Exercise description: Leave every picture out, and write out the remaining entries exactly.

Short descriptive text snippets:

——————

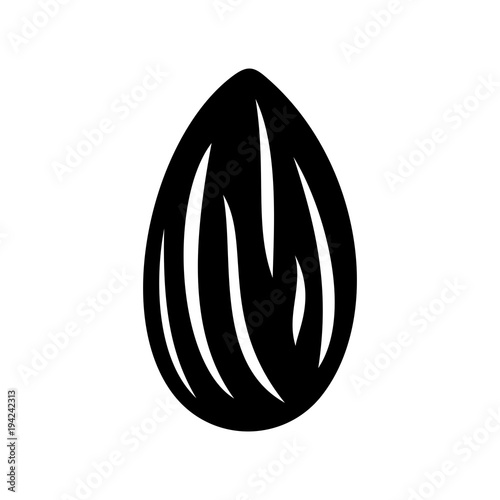 Almond vector icon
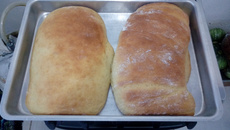 Pão econômico/sem leite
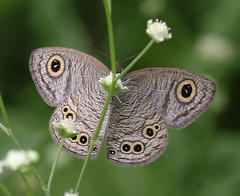 Ypthima baldus madrasa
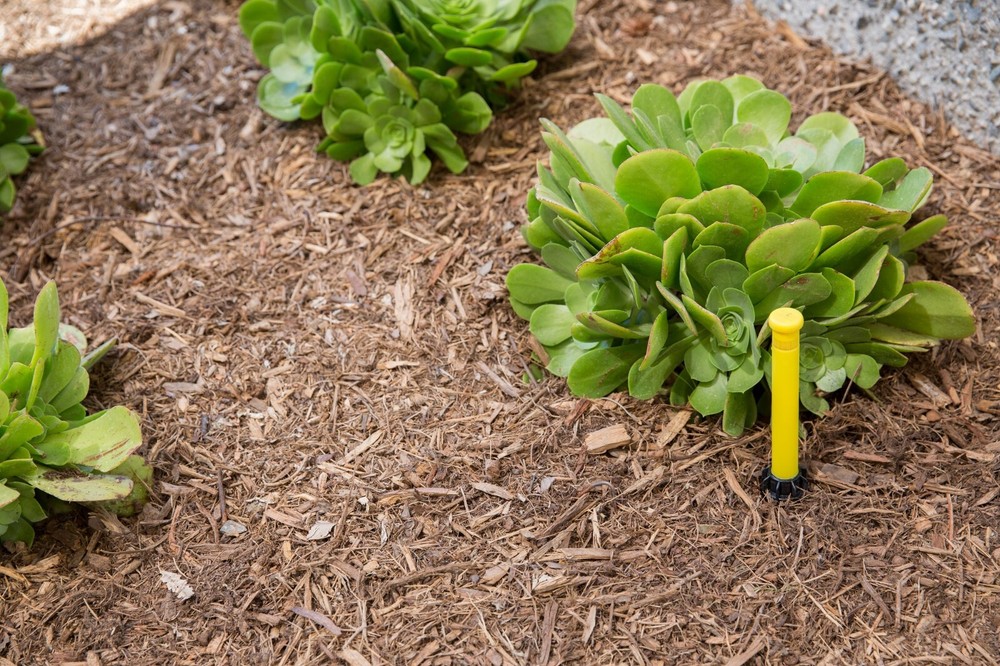 Hunter Eco-Indicator 6" Pop-Up Irrigation System Drip Operation Indicator Eco-ID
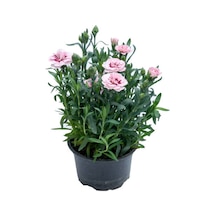 Küstüm Çiçeği 1 Adet 8/10cm +pembe Karanfil Çiçeği 10-15cm+mor Mine Çiçeği 10-15cm
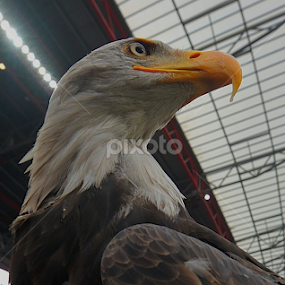 by Joaquim Martins Araujo - Animals Birds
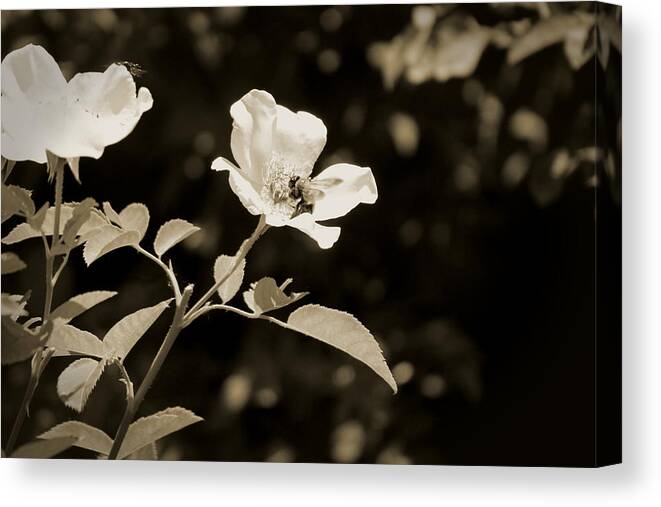 Sepia Canvas Print featuring the photograph Bees on Country Roses in Sepia Chicago Botanical Gardens by Colleen Cornelius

——————

Exercise result:
 Almond vector icon
 Pão econômico/sem leite
 Ypthima baldus madrasa
 Hunter Eco-Indicator 6" Pop-Up Irrigation System Drip Operation Indicator Eco-ID
 Küstüm Çiçeği 1 Adet 8/10cm +pembe Karanfil Çiçeği 10-15cm+mor Mine Çiçeği 10-15cm
 by Joaquim Martins Araujo - Animals Birds
 Sepia Canvas Print featuring the photograph Bees on Country Roses in Sepia Chicago Botanical Gardens by Colleen Cornelius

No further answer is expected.